Oggi al Palazzo Scaligero l’assessore alla Politiche per il Lavoro Fausto Sachetto ha presentato il “Progetto Periscopio” edizione 2009-2010, una guida alle offerte formative e alle opportunità di inserimento lavorativo per ragazzi/e diversamente abili residenti nel territorio della Provincia.
Erano presenti il dirigente dell’Ufficio scolastico provinciale Giovanni Pontara, la presidente del COSP Verona Cinzia Albertini, le addette alla redazione della guida Cristina Corrà e Roberta Isoli.
La pubblicazione è frutto della collaborazione tra Ufficio scolastico, COSP e Provincia che ha contribuito alla realizzazione con 20mila euro. La guida è stata rivista nelle varie parti e ampliata di ulteriori sezioni al fine di completare il panorama delle offerte con le diverse iniziative presenti sul territorio. Sono stati aggiornati dati, riferimenti e la normativa vigente relativa ai servizi offerti dalle ULSS provinciali ai diversamente abili; si è cercato soprattutto di rendere la guida uno strumento pratico per la scelta del percorso da intraprendere dopo la scuola media inferiore soprattutto in un momento che vede partire la riforma della scuola media superiore.
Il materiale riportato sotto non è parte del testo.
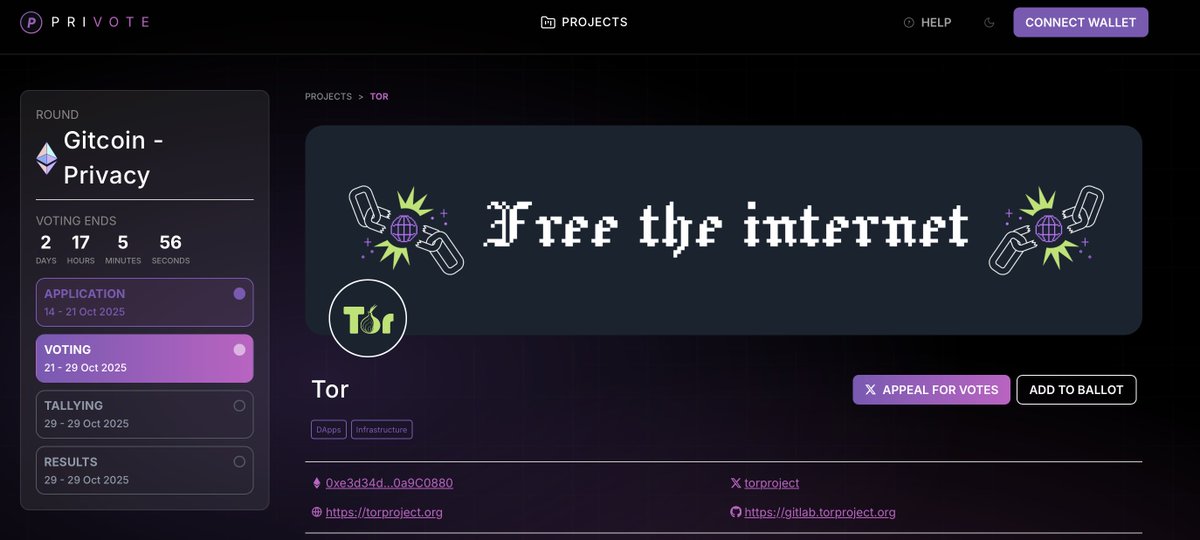 Great to see experienced organisations participating in <a href="/gitcoin/">Gitcoin</a> privacy round - <a href="/torproject/">The Tor Project</a> protects network-level privacy for activists, journalists, doctors and you.

Vote &amp; support right here: gitcoin.privote.live/rounds/0/0x088…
Assessore Sachetto: “La Provincia ha competenze specifiche in fatto di collocamento lavorativo delle persone disabili. Riteniamo quindi questa pubblicazione uno strumento indispensabile per aiutare i soggetti ad orientarsi meglio fra le offerte del mercato. Rivolgo il mio ringraziamento per il lavoro minuzioso frutto della collaborazione tra Cosp e Ufficio scolastico e confido di poter collaborare attivamente anche nei prossimi anni a questo progetto che l’assessore Zampieri, mio predecessore, ha portato avanti con tanta convinzione”.
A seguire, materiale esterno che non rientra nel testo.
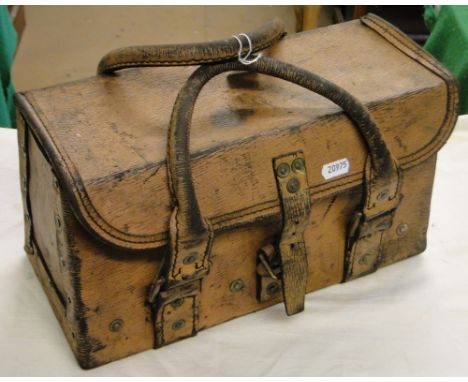 Early 20th century leather ammunition case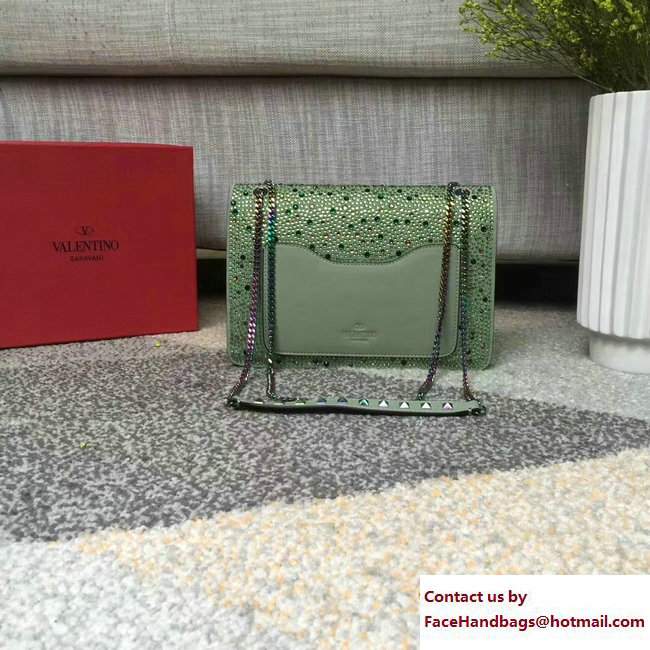 Valentino Crystals Embellished Demilune Small Shoulder Bag Light Green Spring 2018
Pontara/Usp: “Questa esperienza così radicale, puntuale e precisa è unica a livello regionale e ci ha permesso di segnare una strada.  Ritengo particolarmente importante la nuova pubblicazione non solo perchè arriva in concomitanza con la riforma delle superiori, ma anche perchè l’offerta parte dalle vocazioni e  aspettative dei ragazzi rendendo le scelte più semplici”.
Albertini/Cosp: “Questo progetto non è solo uno strumento per le famiglie e gli operatori scolastci, ma è soprattutto il veicolo per diffondere una intenzione, che è quella della integrazione delle persone diversamente abili. Per noi che ci occupiamo di orientamento questo progetto per le fasce deboli si è senz’altro rivelato un successo. Ritengo infatti l’inserimento scolastico e lavorativo un dovere per una società “buona”, a maggior ragione se si tratta di persone con  difficoltà. La guida Periscopio è uno strumento concreto in mano a ragazzi, famiglie, insegnanti e operatori”.